Before the dedication ceremony began, Roosevelt alumni gazed at numerous pictures of athletic champions and memorabilia on tables that lined the cracked sidewalks of a shuttered school that was built only for Blacks during Gary’s segregated past. There was also a picture of civil rights leader and Mary McCleod Bethune during her visit to the school in 1947.
Dignitaries turned out for the dedication, including former Mayor Thomas Barnes and Gary Councilmen William Godwin and Linda Barnes-Caldwell. Lake County Commissioner Charlie Brown also attended the event along with Congressman-elect Frank Mvran, Jr., who will replace longtime Congressman Pete Visclosky in the First Congressional District.
They and Roosevelt alumni sat down in folding chairs spaced six apart in front of Roosevelt’s majestic façade, where they began the ceremony singing James Weldon Johnson’s “Lift Every Voice and Sing,” known as the Black Nation Anthem.
Then came the speeches.
“I speak for all students who graduated from these hallowed halls,” said Larry Davis, a 1964 graduate and vice president of the National Roosevelt Alumni Association. “Because of its storied history, this place matters and deserves to be memorialized. This place matters.”
Mayor Jerome Prince, whose parents graduated from Roosevelt, said “although I did not attend Roosevelt High School like many of you here, I certainly understand the importance and significance of the history of that. Like many of you, we all have some connection to Roosevelt, whether we attended or not.”
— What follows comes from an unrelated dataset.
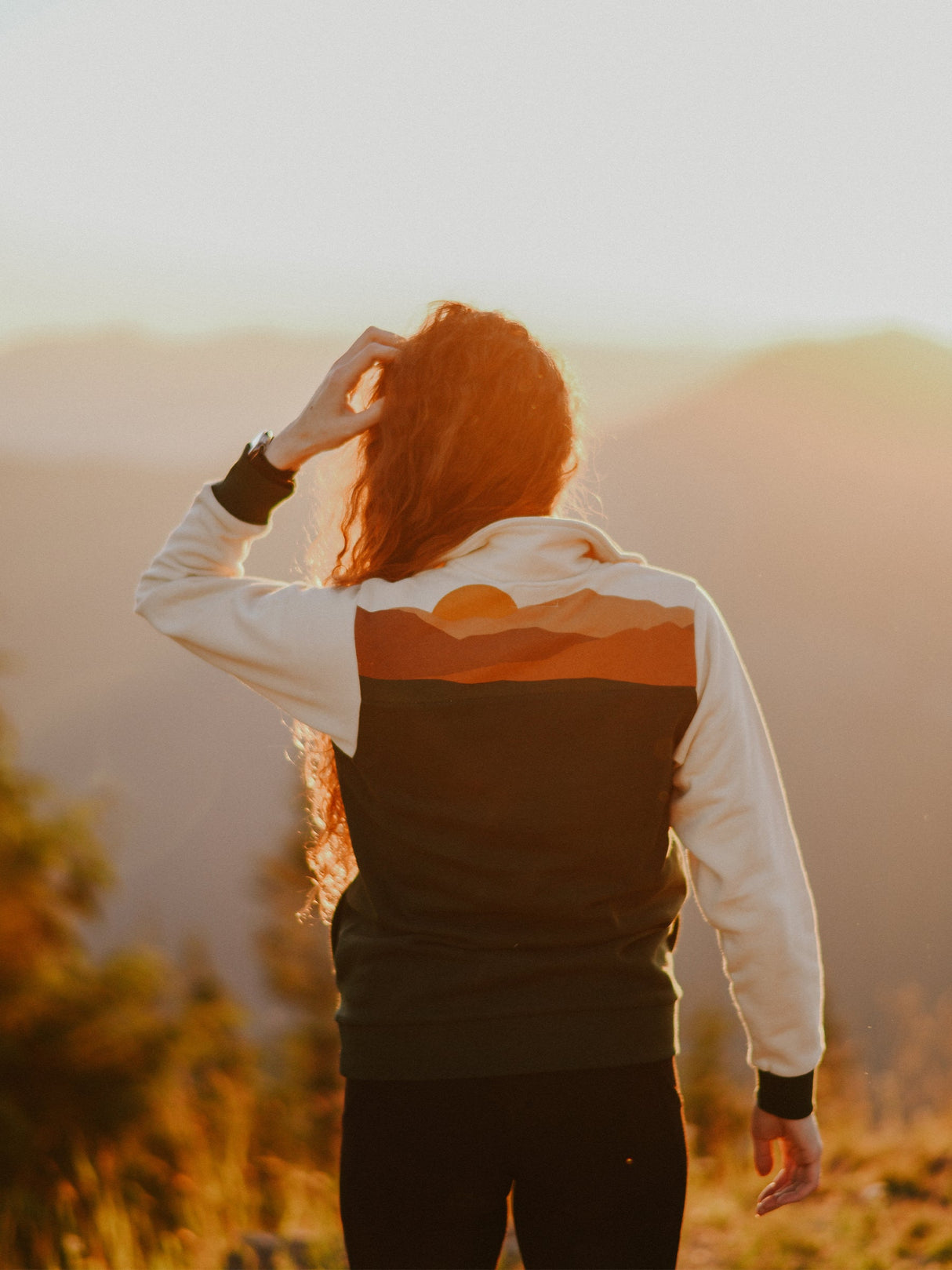 Mountain Sunset Quarter-Zip - Sumiye Co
Former mayor Karen Freeman-Wilson, who graduated as the valedictorian of her class in 1978, said “When I walked through the door for the first time, there was a clear sense of history, of what it meant.”
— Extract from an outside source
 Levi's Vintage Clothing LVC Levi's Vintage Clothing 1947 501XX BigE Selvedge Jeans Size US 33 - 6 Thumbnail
One powerful speaker and Roosevelt alumna, Pauline Tatum, is the granddaughter of H. Theo Tatum, who served as Roosevelt’s principal for 30 years.
Pauline urged alumni to preserve Roosevelt’s legacy through activism.
“We have to continue the narrative of this institution because our future generation rely on storytelling, education and hope,” she said.
Tatum also recalled one experience her grandfather had before he took the helm at Roosevelt.
“While my grandfather was principal at East Pulaski and promoted to Gary Roosevelt High School, Superintendent [William] Wirt told him the following: All I want you to do is keep these Negroes quiet, His response? No.
“He understood at that time he had a target on his back,” Tatum added.
The highlight of the ceremony was the unveiling of the marker. Cheers and applause erupted after a black and gold cover was removed from the structure. Organizers said Roosevelt alumni from 15 various classes pledge $100 each to help pay for the marker along with a grant from the Indiana Historical Landmarks. Eight feet tall, the marker sits close to the sidewalk near 25th Avenue. It tells the story of how Roosevelt was created during the era of segregation.
In 1927, 600 white students from Emerson High School walked out to protest after 18 Black students attended class. The boycott lasted for days before the school district decided to keep its schools segregated. In 1930, the present colonial revival building was built after officials approved to appropriate $600,000 for the structure. The building included an auditorium, swimming pool, two gyms and 24 classrooms.
According to a document at the ceremony, in 1946, the west wing of the building opened at a cost of $330,000.
Roosevelt would produce many distinguished alumni in sports, business, politics and entertainment. The famous Jackson 5, who lived around the corner, performed at a talent show in the building’s auditorium before they hit it big.
In 2012, a small plaque was placed on the wall near the entrance of the building after it was placed on the National Register of Historic Places. In 2019, the historic building was closed after pipes burst during frigid temperatures. Over 500 students were forced to attend classes at Gary Area Career Center. This year, the Indiana Board of Education voted to close after officials said the aging building had become too expensive to renovate and reopened. In July, Roosevelt graduated its final class during a virtual ceremony.
The state-controlled Gary Community School Corporation is searching for a buyer for the building.